Is the problem acute or chronic?
Water homeostasis is maintained by a balance between water intake and the combined water loss from renal excretion, respiratory, skin, and GI sources. Under normal conditions, water intake and losses are matched. To maintain salt homeostasis, the kidneys similarly adjust urine concentration to match salt intake and loss. See the image below.
Hypernatremia results from disequilibrium of one or both of these balances. Most commonly, the disorder is caused by a relative free water loss, although it can be caused by salt loading. The various ways in which these equilibria can be disturbed are discussed in Causes.
When hypernatremia (of any etiology) occurs, cells become dehydrated. Either the osmotic load of the increased sodium acts to extract water from the cells or a portion of the burden of the body's free water deficit is borne by the cell. (Sodium, primarily an extracellular ion, is actively pumped out of most cells and is the primary determinant of serum osmolarity.) Dehydrated cells shrink from water extraction.

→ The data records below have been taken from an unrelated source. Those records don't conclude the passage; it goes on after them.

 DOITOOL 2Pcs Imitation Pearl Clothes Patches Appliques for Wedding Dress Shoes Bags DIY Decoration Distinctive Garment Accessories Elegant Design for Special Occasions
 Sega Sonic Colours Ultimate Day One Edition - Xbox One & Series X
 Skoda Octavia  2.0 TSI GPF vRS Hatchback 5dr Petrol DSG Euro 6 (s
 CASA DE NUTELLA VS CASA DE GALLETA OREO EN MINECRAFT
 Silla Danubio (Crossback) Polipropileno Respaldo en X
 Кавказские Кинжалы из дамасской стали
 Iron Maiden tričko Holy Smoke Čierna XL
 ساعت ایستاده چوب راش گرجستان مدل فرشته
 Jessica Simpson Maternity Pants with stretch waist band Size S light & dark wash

Cells immediately respond to combat this shrinkage and osmotic force by transporting electrolytes across the cell membrane, thus altering rest potentials of electrically active membranes. After an hour of hypernatremia, intracellular organic solutes are generated in an effort to restore cell volume and to avoid structural damage. This protective mechanism is important to remember when treating a patient with hypernatremia. Cerebral edema ensues if water replacement proceeds at a rate that does not allow for excretion or metabolism of accumulated solutes.
The effects of cellular dehydration are seen principally in the CNS, where stretching of shrunken neurons and alteration of membrane potentials from electrolyte flux lead to ineffective functioning. If shrinkage is severe enough, stretching and rupture of bridging veins may cause intracranial hemorrhage.

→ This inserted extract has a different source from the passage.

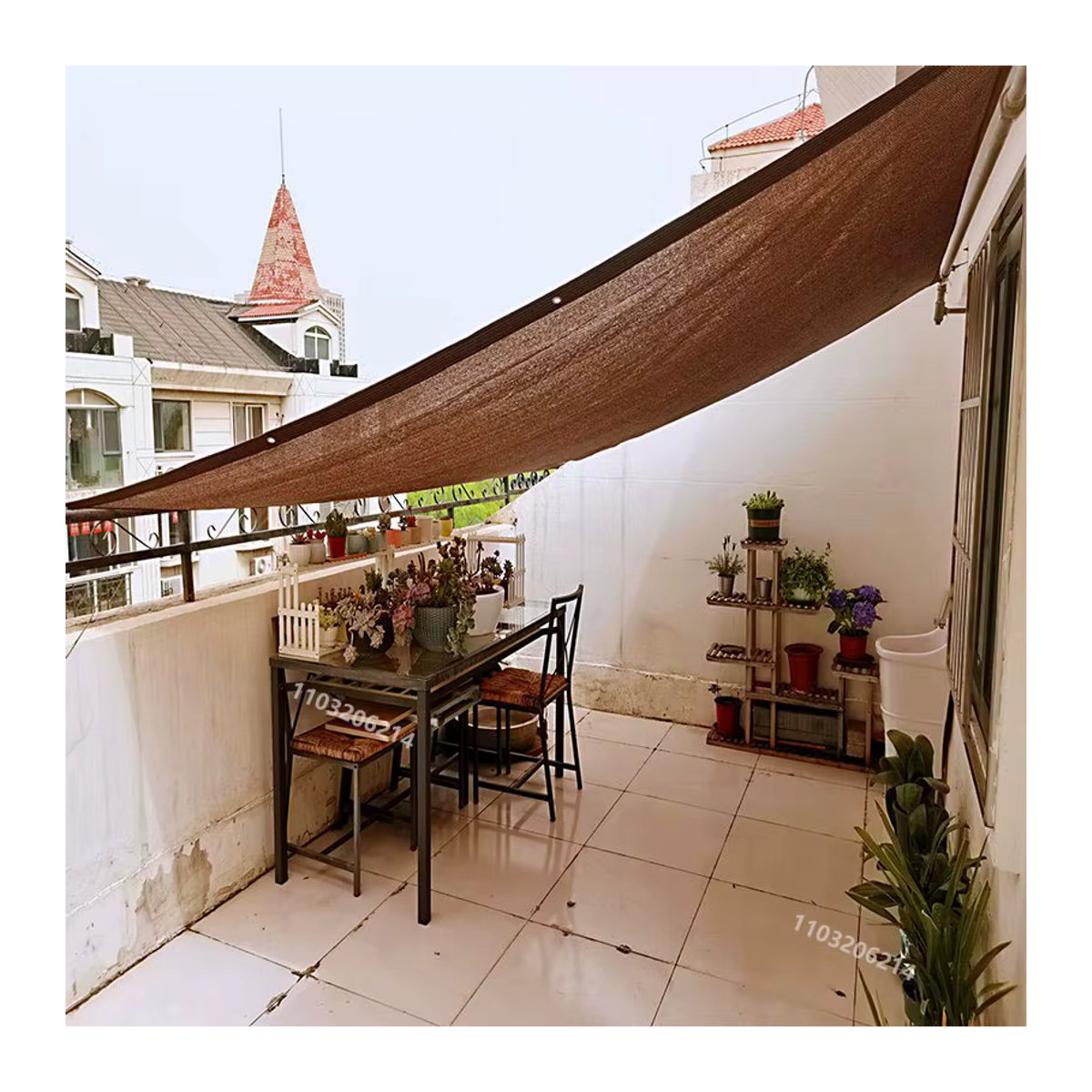GFDYML Mehrfarbiges Sonnenschutznetz aus HDPE für Terrasse und Camping mit UV-Schutz - Bild 4
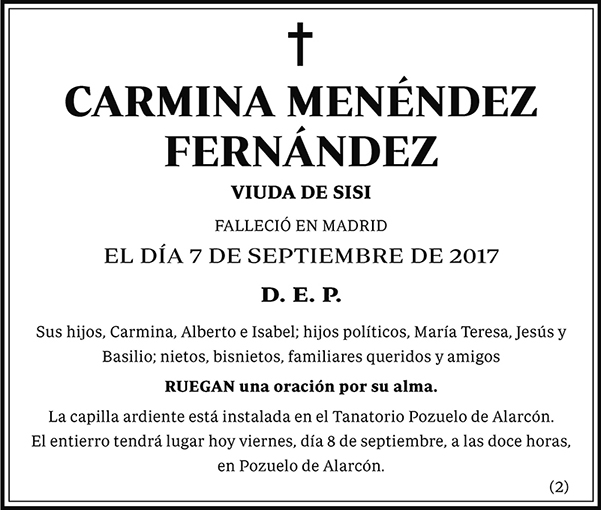 Carmina Menéndez Fernández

Hypernatremia occurs in approximately 1% of hospitalized patients. The condition usually develops after hospital admission. An incidence closer to 2% has been reported in debilitated elderly persons and in breastfed infants.[1, 2]
Pediatric patients in developing nations may be at increased risk for hypernatremia because infant feeding may be complicated by poor maternal milk production (secondary to nutritional status) and errors in reconstitution of powdered formula.
The mortality rate from hypernatremia is high, especially among elderly patients. Mortality rates of 42-75% have been reported for acutely evolving hypernatremia and 10-60% for chronic hypernatremia. Because patients with hypernatremia often have other serious comorbidities, precisely evaluating the degree of mortality directly due to hypernatremia is difficult. Morbidity in survivors is high, with many patients experiencing permanent neurologic deficits.
Most deaths are due to an underlying disease process, rather than the hypernatremia itself. Delay in treatment (or inadequate treatment) of hypernatremia increase mortality.
A study by Huang et al indicated that in patients with chronic kidney disease, hypernatremia is associated with an increased risk for all-cause mortality and for deaths unrelated to cardiovascular problems or malignancy. Hyponatremia was found to be associated with an increased risk for the same, as well as for cardiovascular- and malignancy-related mortality. The study included 45,333 patients with stage 3 or 4 chronic kidney disease, 9.2% of whom had dysnatremia.
A Turkish study, by Ates et al, indicated that in patients presenting to emergency departments with severe hypernatremia, independent risk factors for mortality included low systolic blood pressure, low pH, Na+ level over 166 mmol/L, increased plasma osmolarity, a mean sodium reduction rate of -0.134 mmol/L/h or less, dehydration, and, pneumonia. The retrospective study included 256 patients.
In hospitalized patients, persistent hypernatremia and protracted hypotension have been associated with a very poor prognosis.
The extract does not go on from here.